Kemudian untuk menghargai bulan Rajab, setiap Muslim dianjurkan menjalankan amalan-amalan sunah, contohnya puasa Rajab. Hanya saja dalam pelaksanaan puasa tersebut muncul pertanyaan, bagaimana hukum menggabungkannya dengan puasa qadha atau puasa Ramadan yang terpaksa ditinggalkan tahun lalu dan hendak ditunaikan sekarang?
Menjawab pertanyaan tersebut, Wakil Ketua Lembaga Falakiyah Pengurus Besar Nahdlatul Ulama (LF PBNU), KH Sirril Wafa mengatakan hukumnya mubah atau boleh.
“Boleh, tapi yang diutamakan puasa qadhanya. Puasa qadha sebagai niat utama, sementara puasa sunah Rajab sebagai niat keduanya (yang mengikutinya),” ujarnya saat dihubungi Okezone, Senin (24/2).
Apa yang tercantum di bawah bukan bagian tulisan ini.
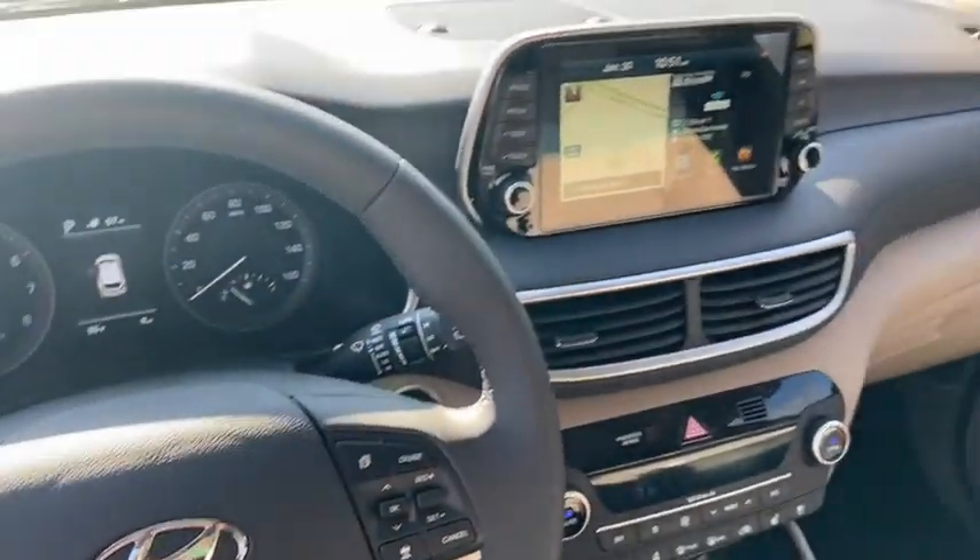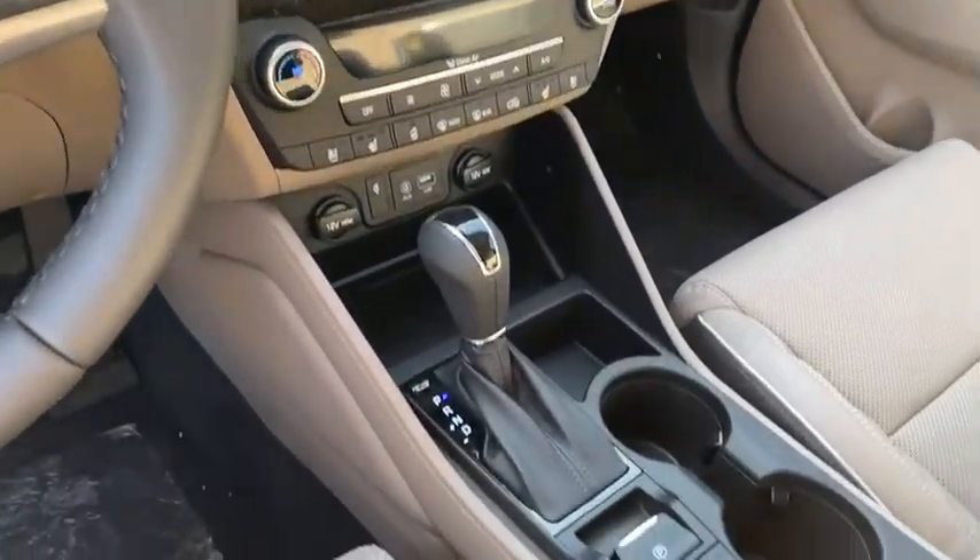A vehicle like this doesn't come along every day. Come in and get it before someone else does.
Sementara itu Ketua Ikatan Sarajana Quran dan Hadist Ustadz Fauzan Amin menuturkan, wajib mendahulukan sesuatu yang hukumnya memang diwajibkan, misalnya melaksanakan puasa qadha atau puasa Ramadan yang sempat ditinggalkan dan hendak ditunaikan pada Rajab.
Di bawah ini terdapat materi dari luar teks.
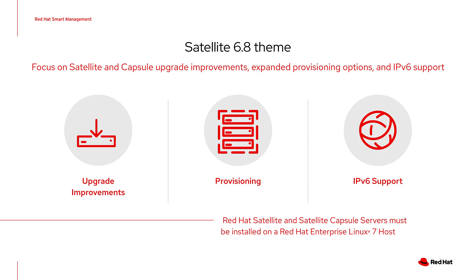Now let's cover the features of Satellite 6.8. The theme for 6.8 is focus on Satellite and capsule upgrade improvements, expanded provisioning options, and IPv6 support. Keep in mind that Satellite and capsule servers still need to be installed on a host running RHEL 7 — Satellite does not yet support running on RHEL 8.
“Wajib mendahulukan perintah wajib daripada perintah sunah. Puasa qadha hukumnya wajib, dan jika tidak dilakukan dosa. Sementara puasa Rajab hukumnya sunah, jika ditinggal tidak dosa,” ucapnya kepada Okezone.
Lebih lanjut, kata dia, jika keduanya digabungkan antara puasa sunah Rajab dan puasa qadha, hukumnya sah apabila dilakukan dengan niat berpuasa secara mutlak.
“Artinya tidak disyaratkan ta’yin (menentukan jenis puasanya). Contoh berniat ‘Aku niat puasa karena Allah’ tidak perlu ditambahkan karena melakukan kesunahan puasa Rajab,” terangnya.